··· MATERIAL SHOWN

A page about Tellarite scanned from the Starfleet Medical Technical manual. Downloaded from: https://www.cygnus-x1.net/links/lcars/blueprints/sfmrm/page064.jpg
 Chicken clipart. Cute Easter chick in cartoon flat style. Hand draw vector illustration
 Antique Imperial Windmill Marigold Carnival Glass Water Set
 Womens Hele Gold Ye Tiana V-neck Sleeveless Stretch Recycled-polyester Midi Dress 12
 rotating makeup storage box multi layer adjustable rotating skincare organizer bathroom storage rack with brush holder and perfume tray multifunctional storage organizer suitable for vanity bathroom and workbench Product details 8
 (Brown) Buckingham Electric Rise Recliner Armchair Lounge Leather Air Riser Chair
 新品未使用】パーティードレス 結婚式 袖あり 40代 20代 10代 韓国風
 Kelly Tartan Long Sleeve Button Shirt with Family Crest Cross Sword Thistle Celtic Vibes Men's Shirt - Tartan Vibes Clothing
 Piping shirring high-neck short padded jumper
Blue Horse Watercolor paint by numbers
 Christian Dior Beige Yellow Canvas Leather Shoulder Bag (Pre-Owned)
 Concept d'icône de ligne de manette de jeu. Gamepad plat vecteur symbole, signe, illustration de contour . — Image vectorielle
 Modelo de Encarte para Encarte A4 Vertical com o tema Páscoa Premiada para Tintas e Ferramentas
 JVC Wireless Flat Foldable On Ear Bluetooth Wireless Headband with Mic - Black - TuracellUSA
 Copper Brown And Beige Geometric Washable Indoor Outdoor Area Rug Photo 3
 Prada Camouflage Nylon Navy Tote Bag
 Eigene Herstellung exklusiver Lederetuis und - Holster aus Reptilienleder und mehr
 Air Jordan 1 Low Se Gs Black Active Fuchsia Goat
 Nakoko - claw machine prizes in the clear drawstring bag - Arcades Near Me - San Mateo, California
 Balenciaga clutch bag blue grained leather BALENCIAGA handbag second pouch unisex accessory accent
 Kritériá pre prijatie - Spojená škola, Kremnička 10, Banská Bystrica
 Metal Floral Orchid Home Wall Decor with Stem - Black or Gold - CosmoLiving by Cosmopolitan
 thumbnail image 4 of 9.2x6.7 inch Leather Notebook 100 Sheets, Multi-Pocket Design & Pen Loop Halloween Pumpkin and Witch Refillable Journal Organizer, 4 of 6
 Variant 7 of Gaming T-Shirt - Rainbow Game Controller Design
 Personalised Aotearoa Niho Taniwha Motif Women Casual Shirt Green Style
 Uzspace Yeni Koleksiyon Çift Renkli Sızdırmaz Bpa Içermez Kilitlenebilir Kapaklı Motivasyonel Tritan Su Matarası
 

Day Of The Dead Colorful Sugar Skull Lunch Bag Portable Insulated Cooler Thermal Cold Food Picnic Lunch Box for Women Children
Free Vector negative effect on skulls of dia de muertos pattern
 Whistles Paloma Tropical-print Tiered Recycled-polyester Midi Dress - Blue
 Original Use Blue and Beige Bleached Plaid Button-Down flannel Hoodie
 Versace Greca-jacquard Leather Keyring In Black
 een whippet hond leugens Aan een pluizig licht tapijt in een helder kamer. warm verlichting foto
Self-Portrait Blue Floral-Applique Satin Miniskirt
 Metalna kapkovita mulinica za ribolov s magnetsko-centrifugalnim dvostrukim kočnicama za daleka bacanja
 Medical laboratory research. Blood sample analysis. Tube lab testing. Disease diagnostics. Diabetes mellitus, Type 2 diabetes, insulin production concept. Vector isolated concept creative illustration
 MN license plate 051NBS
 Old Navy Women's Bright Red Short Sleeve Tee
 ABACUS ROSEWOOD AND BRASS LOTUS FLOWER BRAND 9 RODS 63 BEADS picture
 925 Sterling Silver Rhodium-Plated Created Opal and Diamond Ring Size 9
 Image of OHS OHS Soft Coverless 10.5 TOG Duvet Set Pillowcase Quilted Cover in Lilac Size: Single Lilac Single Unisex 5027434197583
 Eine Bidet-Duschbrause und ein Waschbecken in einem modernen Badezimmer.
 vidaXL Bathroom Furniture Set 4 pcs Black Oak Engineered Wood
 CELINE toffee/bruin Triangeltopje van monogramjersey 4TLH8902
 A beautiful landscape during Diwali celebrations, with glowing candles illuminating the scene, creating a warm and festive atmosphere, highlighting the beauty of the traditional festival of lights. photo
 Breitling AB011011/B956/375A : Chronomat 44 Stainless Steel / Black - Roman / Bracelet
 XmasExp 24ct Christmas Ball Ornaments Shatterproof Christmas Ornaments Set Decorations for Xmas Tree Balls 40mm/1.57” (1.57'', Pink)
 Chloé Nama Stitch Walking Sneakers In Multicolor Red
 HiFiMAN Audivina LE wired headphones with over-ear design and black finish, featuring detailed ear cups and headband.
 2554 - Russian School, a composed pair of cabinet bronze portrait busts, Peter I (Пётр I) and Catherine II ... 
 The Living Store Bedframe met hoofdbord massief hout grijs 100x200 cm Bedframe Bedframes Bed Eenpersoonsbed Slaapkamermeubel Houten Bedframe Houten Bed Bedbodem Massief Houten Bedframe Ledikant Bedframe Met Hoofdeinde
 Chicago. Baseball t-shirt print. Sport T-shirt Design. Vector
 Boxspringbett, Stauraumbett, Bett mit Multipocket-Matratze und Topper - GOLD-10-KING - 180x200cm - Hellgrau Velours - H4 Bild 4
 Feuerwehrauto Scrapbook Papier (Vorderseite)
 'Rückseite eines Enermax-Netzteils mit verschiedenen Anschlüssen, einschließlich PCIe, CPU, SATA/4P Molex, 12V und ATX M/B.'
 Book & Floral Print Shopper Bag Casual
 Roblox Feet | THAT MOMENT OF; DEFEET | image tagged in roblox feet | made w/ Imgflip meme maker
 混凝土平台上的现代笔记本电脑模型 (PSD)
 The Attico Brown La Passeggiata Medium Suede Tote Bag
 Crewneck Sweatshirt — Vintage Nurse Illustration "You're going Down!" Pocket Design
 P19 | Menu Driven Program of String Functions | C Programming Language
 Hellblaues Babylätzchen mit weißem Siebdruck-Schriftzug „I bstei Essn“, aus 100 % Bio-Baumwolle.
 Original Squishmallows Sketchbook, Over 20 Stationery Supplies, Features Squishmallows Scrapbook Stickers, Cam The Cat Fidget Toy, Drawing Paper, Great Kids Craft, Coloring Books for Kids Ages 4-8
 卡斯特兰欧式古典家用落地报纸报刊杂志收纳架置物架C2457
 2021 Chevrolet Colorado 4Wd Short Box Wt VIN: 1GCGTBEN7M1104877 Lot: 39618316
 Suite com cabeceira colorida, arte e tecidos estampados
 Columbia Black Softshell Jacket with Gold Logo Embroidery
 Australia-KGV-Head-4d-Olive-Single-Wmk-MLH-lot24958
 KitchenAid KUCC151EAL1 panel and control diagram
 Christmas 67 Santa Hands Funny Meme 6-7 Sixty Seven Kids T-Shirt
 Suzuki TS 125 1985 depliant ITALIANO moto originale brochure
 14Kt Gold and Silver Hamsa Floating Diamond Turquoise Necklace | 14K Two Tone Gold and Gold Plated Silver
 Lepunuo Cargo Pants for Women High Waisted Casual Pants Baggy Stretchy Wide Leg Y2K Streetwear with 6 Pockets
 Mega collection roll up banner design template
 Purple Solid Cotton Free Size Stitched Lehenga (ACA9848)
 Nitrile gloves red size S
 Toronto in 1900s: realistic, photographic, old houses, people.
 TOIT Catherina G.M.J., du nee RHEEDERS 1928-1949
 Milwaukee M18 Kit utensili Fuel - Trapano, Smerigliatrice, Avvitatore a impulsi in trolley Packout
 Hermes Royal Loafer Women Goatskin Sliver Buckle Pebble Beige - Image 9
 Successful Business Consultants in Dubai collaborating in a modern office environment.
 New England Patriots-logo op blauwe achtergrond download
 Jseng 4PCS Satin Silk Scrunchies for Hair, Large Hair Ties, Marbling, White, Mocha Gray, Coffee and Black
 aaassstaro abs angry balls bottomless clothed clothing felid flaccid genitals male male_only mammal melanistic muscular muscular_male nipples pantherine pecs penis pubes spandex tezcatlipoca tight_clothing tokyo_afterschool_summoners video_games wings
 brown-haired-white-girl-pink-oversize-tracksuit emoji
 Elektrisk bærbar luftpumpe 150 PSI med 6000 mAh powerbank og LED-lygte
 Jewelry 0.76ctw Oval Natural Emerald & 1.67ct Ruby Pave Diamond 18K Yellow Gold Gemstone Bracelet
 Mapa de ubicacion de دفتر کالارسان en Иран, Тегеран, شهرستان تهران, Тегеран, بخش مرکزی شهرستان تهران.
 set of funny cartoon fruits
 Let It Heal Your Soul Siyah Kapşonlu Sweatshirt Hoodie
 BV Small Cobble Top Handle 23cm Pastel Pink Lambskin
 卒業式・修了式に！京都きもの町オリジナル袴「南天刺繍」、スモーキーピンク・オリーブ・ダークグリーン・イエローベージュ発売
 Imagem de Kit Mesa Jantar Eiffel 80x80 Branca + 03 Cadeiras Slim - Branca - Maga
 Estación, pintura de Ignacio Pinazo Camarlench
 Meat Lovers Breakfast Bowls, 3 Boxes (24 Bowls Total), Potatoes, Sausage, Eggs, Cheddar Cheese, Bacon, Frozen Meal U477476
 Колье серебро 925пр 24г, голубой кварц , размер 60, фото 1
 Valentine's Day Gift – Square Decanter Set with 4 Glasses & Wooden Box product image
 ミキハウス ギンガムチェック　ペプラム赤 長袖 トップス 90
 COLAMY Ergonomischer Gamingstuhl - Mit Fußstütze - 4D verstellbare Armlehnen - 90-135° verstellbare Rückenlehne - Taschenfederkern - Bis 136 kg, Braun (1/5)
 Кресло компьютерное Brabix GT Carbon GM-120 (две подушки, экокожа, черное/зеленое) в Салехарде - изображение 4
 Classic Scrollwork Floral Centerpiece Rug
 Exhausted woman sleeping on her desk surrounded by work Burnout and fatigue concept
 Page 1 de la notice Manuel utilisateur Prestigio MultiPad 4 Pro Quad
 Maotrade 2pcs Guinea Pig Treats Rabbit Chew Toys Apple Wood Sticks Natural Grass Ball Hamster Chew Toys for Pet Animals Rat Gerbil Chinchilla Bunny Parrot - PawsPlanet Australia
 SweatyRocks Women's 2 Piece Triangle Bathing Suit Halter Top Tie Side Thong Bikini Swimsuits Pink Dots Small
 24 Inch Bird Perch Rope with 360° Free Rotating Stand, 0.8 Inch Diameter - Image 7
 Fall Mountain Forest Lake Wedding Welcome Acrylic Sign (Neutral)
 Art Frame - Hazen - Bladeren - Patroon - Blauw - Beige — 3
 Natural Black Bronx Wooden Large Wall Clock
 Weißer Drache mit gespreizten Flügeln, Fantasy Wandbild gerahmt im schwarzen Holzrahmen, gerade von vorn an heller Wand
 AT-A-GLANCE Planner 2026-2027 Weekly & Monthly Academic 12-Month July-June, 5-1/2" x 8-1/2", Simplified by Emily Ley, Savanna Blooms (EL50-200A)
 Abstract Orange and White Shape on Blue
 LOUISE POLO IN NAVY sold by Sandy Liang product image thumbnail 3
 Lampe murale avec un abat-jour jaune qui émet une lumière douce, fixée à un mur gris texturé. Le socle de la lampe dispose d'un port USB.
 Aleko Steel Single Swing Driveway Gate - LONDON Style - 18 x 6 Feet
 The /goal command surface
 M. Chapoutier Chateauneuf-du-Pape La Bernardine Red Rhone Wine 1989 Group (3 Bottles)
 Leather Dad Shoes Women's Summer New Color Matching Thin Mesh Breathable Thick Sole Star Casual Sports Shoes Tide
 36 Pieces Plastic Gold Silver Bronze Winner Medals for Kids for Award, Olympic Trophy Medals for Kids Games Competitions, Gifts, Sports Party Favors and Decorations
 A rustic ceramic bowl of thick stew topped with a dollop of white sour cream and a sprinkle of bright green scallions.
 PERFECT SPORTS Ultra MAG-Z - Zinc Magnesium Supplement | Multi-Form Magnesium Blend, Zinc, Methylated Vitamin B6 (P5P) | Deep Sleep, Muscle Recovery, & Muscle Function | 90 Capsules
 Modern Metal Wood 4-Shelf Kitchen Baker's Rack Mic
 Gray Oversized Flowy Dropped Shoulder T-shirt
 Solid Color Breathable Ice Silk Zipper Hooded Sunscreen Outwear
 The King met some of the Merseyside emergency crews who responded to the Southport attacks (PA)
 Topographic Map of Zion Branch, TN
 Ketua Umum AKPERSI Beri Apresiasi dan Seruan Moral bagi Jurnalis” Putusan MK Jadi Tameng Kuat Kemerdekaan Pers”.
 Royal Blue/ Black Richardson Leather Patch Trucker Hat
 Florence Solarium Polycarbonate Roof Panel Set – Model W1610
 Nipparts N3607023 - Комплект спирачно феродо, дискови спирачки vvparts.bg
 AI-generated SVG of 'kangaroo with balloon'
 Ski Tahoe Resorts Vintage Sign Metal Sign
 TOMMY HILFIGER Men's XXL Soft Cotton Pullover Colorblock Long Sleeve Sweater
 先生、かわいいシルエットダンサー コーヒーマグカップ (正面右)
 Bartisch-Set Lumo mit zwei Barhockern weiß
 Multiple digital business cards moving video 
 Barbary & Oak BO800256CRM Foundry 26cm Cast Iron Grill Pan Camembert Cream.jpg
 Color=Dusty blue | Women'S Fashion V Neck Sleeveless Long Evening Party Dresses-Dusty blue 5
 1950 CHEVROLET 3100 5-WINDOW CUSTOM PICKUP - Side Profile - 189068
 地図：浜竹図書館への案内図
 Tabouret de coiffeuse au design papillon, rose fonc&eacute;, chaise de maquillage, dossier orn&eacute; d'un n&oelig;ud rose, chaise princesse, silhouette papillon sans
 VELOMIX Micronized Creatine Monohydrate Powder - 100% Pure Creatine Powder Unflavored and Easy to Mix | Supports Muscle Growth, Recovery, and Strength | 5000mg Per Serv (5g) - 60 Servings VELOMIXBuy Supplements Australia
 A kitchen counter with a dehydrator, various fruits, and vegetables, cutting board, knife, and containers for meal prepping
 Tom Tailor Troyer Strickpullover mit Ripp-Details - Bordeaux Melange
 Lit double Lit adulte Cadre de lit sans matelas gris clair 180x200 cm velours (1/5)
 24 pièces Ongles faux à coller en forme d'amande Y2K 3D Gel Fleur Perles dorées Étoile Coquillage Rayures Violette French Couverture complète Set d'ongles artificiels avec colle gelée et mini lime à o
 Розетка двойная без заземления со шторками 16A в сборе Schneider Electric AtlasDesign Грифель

······

• _EXERCISE_
Please, from the material above, copy only the lines from the line with "新品未使用】パーティードレス 結婚式 袖あり 40代 20代 10代 韓国風" up to and including the line with "Modelo de Encarte", exactly as written.

• _EXERCISE OUTPUT_
 新品未使用】パーティードレス 結婚式 袖あり 40代 20代 10代 韓国風
 Kelly Tartan Long Sleeve Button Shirt with Family Crest Cross Sword Thistle Celtic Vibes Men's Shirt - Tartan Vibes Clothing
 Piping shirring high-neck short padded jumper
Blue Horse Watercolor paint by numbers
 Christian Dior Beige Yellow Canvas Leather Shoulder Bag (Pre-Owned)
 Concept d'icône de ligne de manette de jeu. Gamepad plat vecteur symbole, signe, illustration de contour . — Image vectorielle
 Modelo de Encarte para Encarte A4 Vertical com o tema Páscoa Premiada para Tintas e Ferramentas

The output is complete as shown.